Claire is not Zoe, in whom Fincher exploits the inconsistency between puerile features and her aggressive and cavalier sexual presence in emotionally unsettling ways. However, Claire’s apathy as she makes her husband into a cuckold while simultaneously maintaining a detachment from her new lover is downright eerie. Her intimacy with Frank resembles more of a business partnership than a marriage; their union is predicated on mutual support and romantically falls apart when business interests conflict. Employing a cynical view of Washington that extends to the bedroom, Cards gives no room for love in sex, only a predominating thirst for power. Here, Frank quotes Oscar Wilde, “everything in the world is about sex except sex. Sex is about power.” Desires for power drive sexual relationships and even the sanctity of marriage is a tryst broken in Fincher’s consummate cynical portrayal of Washington.
An Archaic Conception
For all of its political criticisms, Cards simultaneously harkens back to a forgotten ideal about the America political realm. Although the show preys upon the immoral conceptions Americans hold about Congress, it offers a tacit reassurance of the predominant worry about politicians; namely, that is, Fincher’s characters get things done.
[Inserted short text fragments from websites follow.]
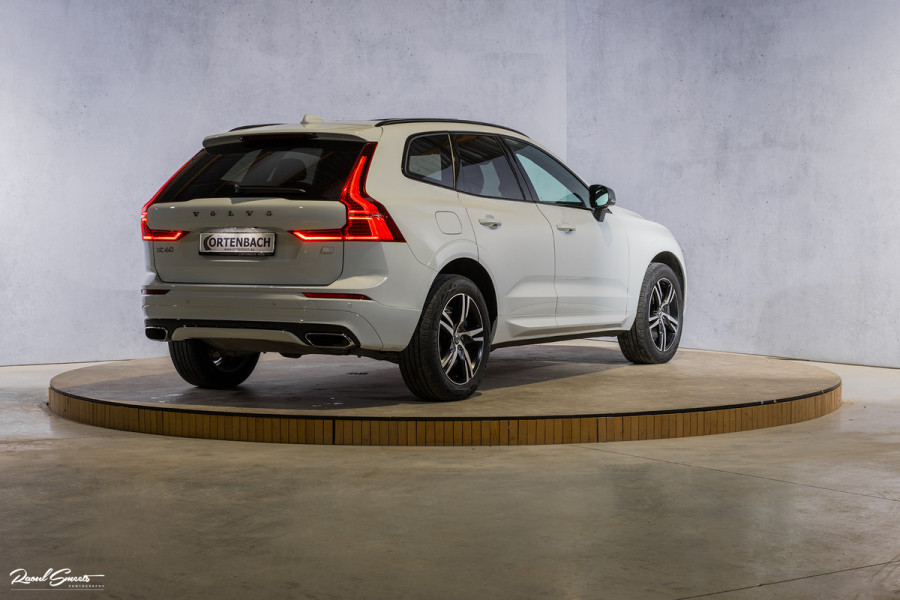 Volvo XC60 2.0 Recharge T8 AWD R-Design | Panorama dak | Zwenkbare trekhaak | Apple carplay | Cruise control |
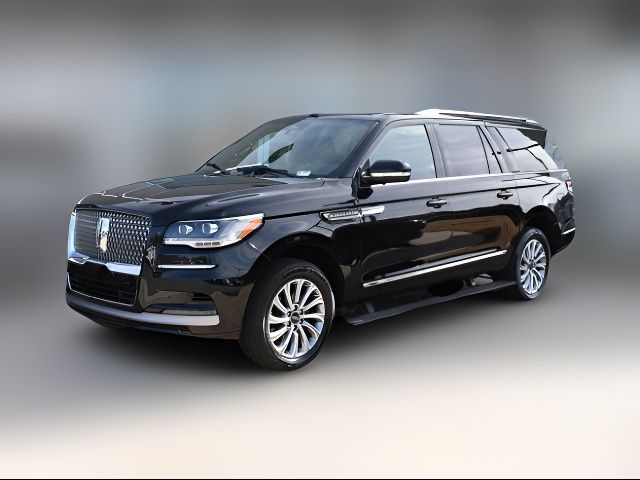 2022 Lincoln Navigator L Standard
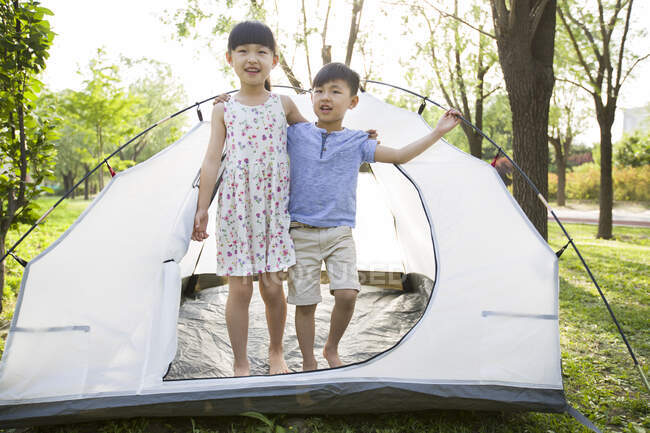 Felice bambini cinesi godendo di un viaggio in campeggio — Foto stock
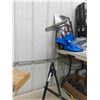 Image 5 : 3 Adjustable Stands (2) Roller (1) Stationary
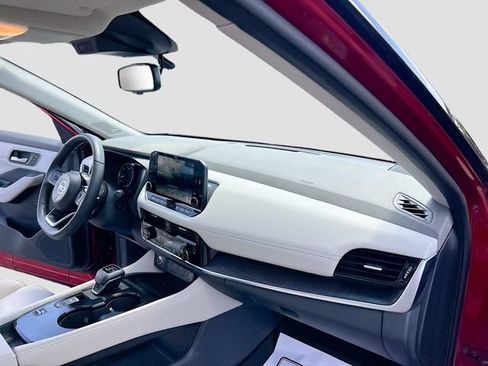 Certified 2021 Nissan Rogue SL w/ Premium Package FWD image 26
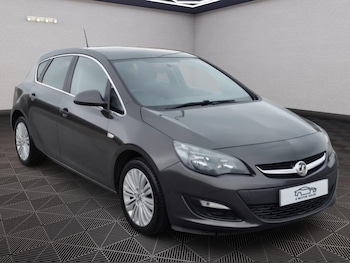 Used Vauxhall Astra 2015 for sale - 79075944: Photo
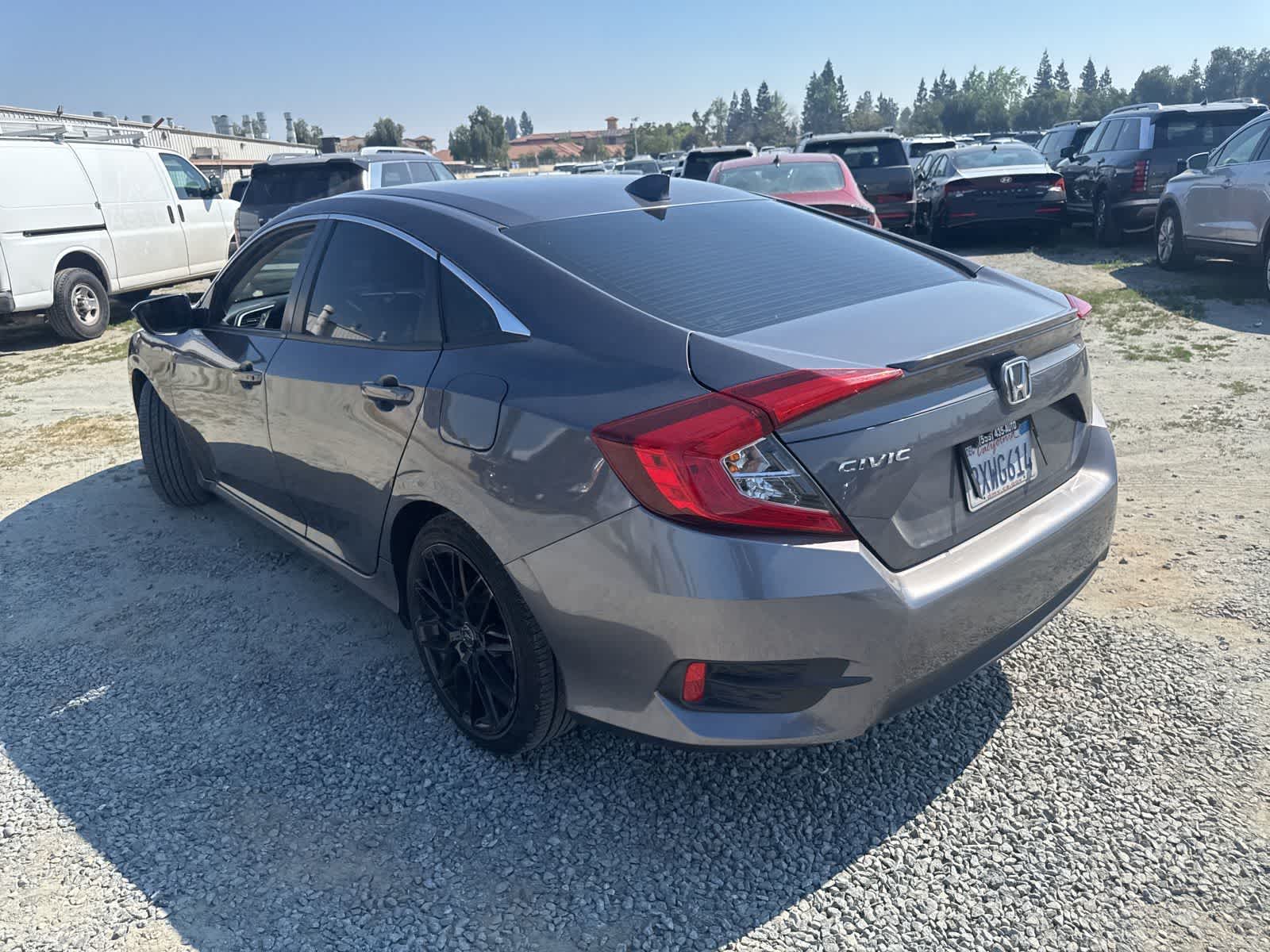 Thumbnail: 2016 Honda Civic - 7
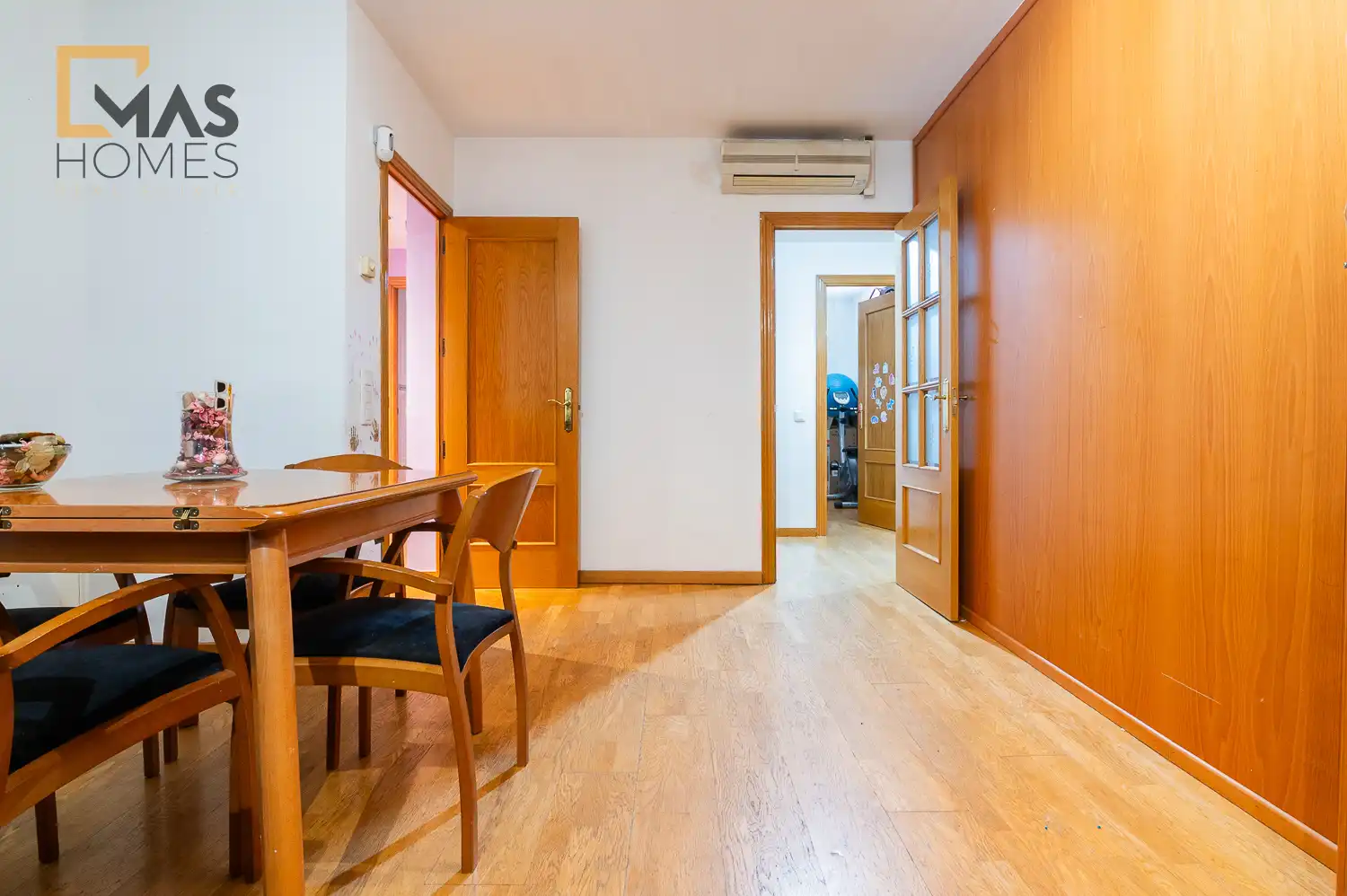 Wohnung zum Verkauf in Terrassa mit Klimaanlage, Heizung und Terrasse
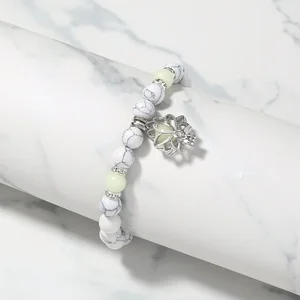 Glanz im dunklen gestreiften Armband für Frauen, hohle Blume, Schildkrötenwäsche Steinberichte, elastische Armreifenkette, helle Schmuck Mode 8 Hauptverkaufsschildkrötenarmband - №1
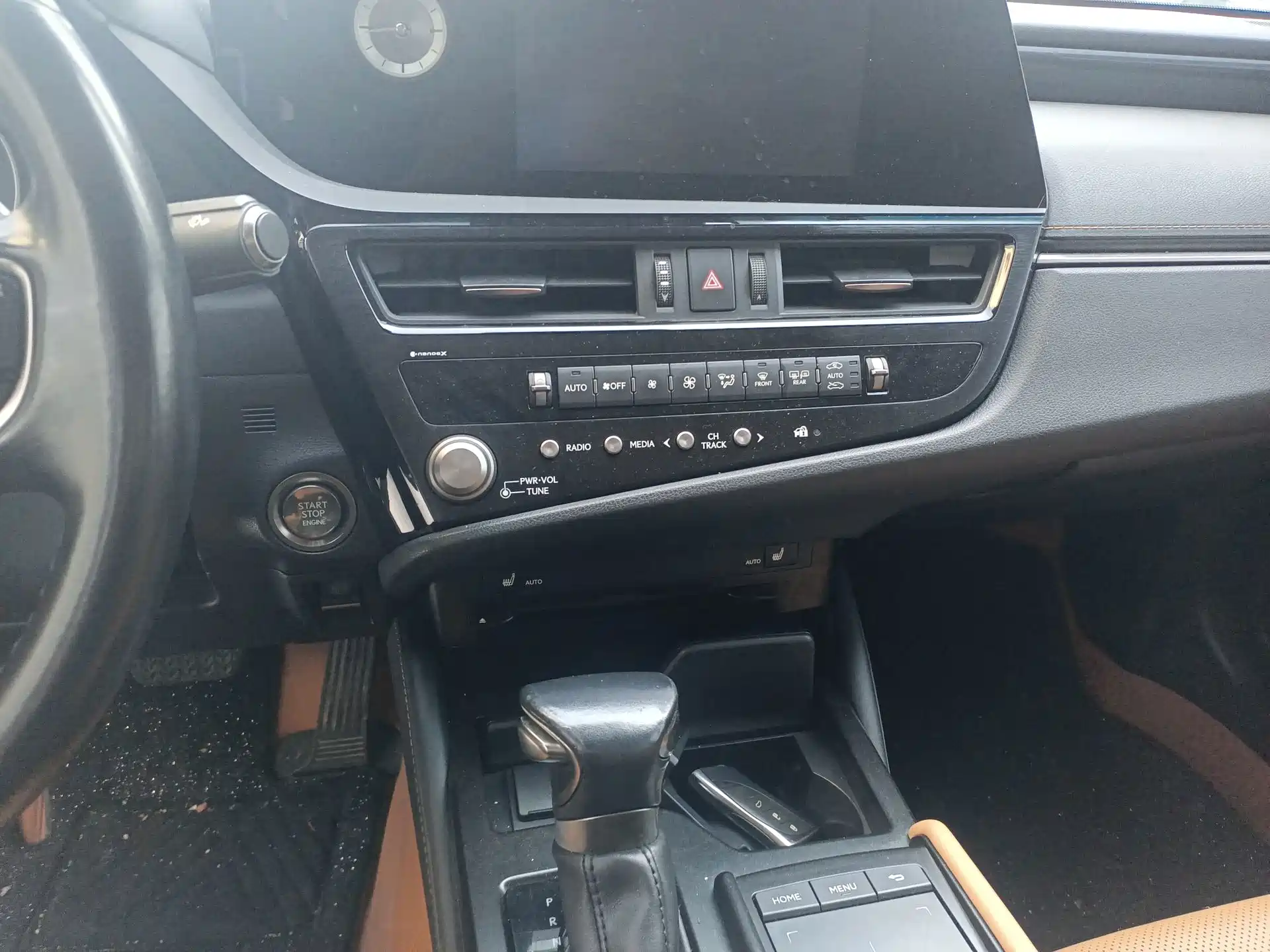 Photo 26 - Lexus ES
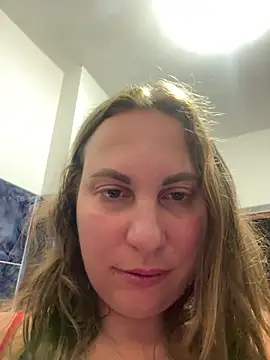 sweetnessdaisie (F milf) - Dog dildo in pussy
Like the legislators of yore, Underwood is brutal but undeniably effective. Viewed through one lens, the congressman cleverly uses the death of an impoverished schoolchild for political gain, forcing the hand of his union boss opponent. Seen through another, the plea is another ruthless Washington power play. Frank’s tactics are of dubious morality but highly effective. A no-nonsense former militiaman from the South, Underwood presents a brusque tone and aggressive rhetoric that conjure up images of legislative titans like Lyndon Johnson and John C. Calhoun. His syrupy Southern drawl is at odds with his menacing attitude and creates a persona seemingly in tension with itself but also self-serving in his single-minded pursuit.
Frank’s persona reflects the dominant overtone of the series: the quest for power. It manifests itself in Zoe’s endless pursuit of the story and Claire’s emotionless abuse of both her husband and her own employees to further her own ambitions. It manifests itself in Russo’s dogged quest for the governorship and the almost-tangible hunger of Underwood’s ambition. Referenced ceaselessly in his monologues to the audience, Underwood’s preference for power over fame and fortune dominates his personality. In the series’ penultimate episode, locked into war with a billionaire as he is vetted for the vice presidency, Frank makes a haughty comment about his opponent—noting that his wealth is more important as a measure of power than material well-being.
A Reassuring Discomfort
In this way, Cards skirts a tenuous line. At the same time that it fulfills the audience’s skepticisms about politics, it aims to satisfy idealistic beliefs about what politicians can truly be. House of Cards specializes in providing us a moribund version of what we, at our core, want to see. Although Fincher satisfies every deep fear we have about politics in a reassuringly horrific sense, the director assuages our concerns with strong central characters conjuring up utopic ideas of past politicians. Immorality and the thirst for power in Washington may be the dominant themes of Cards, but Spacey’s captivating and dominating Underwood is not long behind. In more ways than one, Netflix tailored the show to the psyches of an American conscious deeply suspicious of politics, simultaneously exploiting our fears while providing a light at the end of the tunnel.